Deception by Omission: Using Adversarial Missingness to Poison Causal Structure Learning
This addresses a security vulnerability in causal machine learning for scenarios where data auditing prevents traditional adversarial perturbations, though it is incremental as it extends prior work on adversarial attacks to missing data contexts.
The paper tackles the problem of adversarial attacks on causal structure learning by introducing a novel method where adversaries omit portions of true training data to bias learned causal models, demonstrating effectiveness in deceiving popular algorithms on real and synthetic datasets.

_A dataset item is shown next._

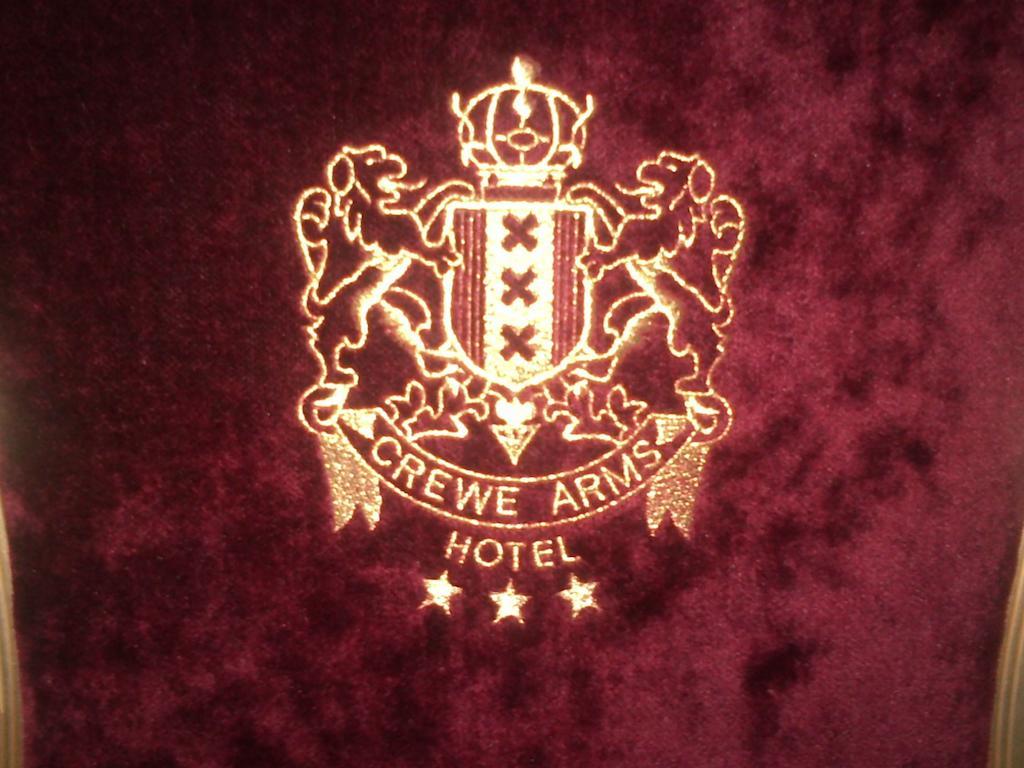 Crewe Arms Hotel Екстериор снимка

Inference of causal structures from observational data is a key component of causal machine learning; in practice, this data may be incompletely observed. Prior work has demonstrated that adversarial perturbations of completely observed training data may be used to force the learning of inaccurate causal structural models (SCMs). However, when the data can be audited for correctness (e.g., it is crytographically signed by its source), this adversarial mechanism is invalidated. This work introduces a novel attack methodology wherein the adversary deceptively omits a portion of the true training data to bias the learned causal structures in a desired manner. Theoretically sound attack mechanisms are derived for the case of arbitrary SCMs, and a sample-efficient learning-based heuristic is given for Gaussian SCMs. Experimental validation of these approaches on real and synthetic data sets demonstrates the effectiveness of adversarial missingness attacks at deceiving popular causal structure learning algorithms.